In Ivory Coast, there were new demonstrations by workers who want President Laurent Gbagbo to back out of a deal granting key government posts to rebels who control half the country.
Thousands of government supporters took the streets to protest a deal that they say grants too many concessions to rebels.
The demonstrators marched peacefully from a monument in an outlying district of the city to the French embassy, where they sounded drums, blew whistles, and called for an annulment of the agreement.
Some demonstrators said they were growing impatient as President Gbagbo has yet to deliver a much-awaited speech in which he is expected to say whether he will implement the accord.
The agreement, mediated by France last month, includes a power-sharing arrangement in which rebels and opposition parties get key government posts.
President Gbagbo publicly accepted the accord in France, but has hinted he might reject it in light of pressure from his supporters and the army, all of whom have come out against it.

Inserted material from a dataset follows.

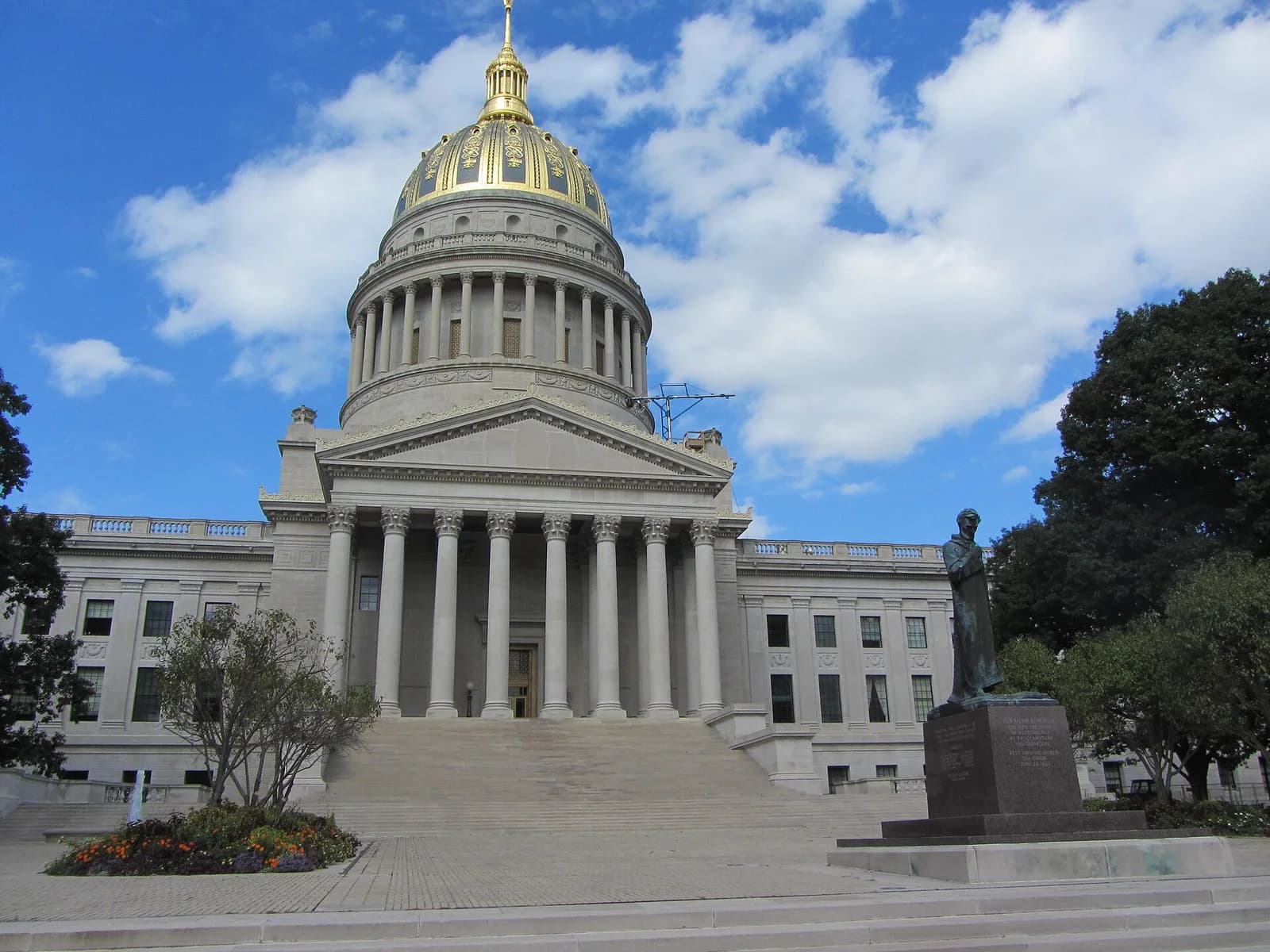 A large, light-colored stone building with a prominent golden dome and a grand staircase leading to its entrance. A bronze statue stands on a pedestal to the right of the stairs, with trees and a partly cloudy blue sky in the background.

The demonstrations occurred as French military officials announced they were boosting their troop presence in Ivory Coast from the current 2,500 to more than 3,000 soldiers. Officials said the added deployments are expected to arrive in the coming days.
French troops are charged with enforcing a cease-fire, and have prevented a rebel advance toward the main city. Officially, they are in Ivory Coast to protect the lives of the thousands of French citizens who live in the country.
Following a wave of attacks last week on French-owned businesses and institutions, France has urged its nationals who have no essential business in the former French colony to leave.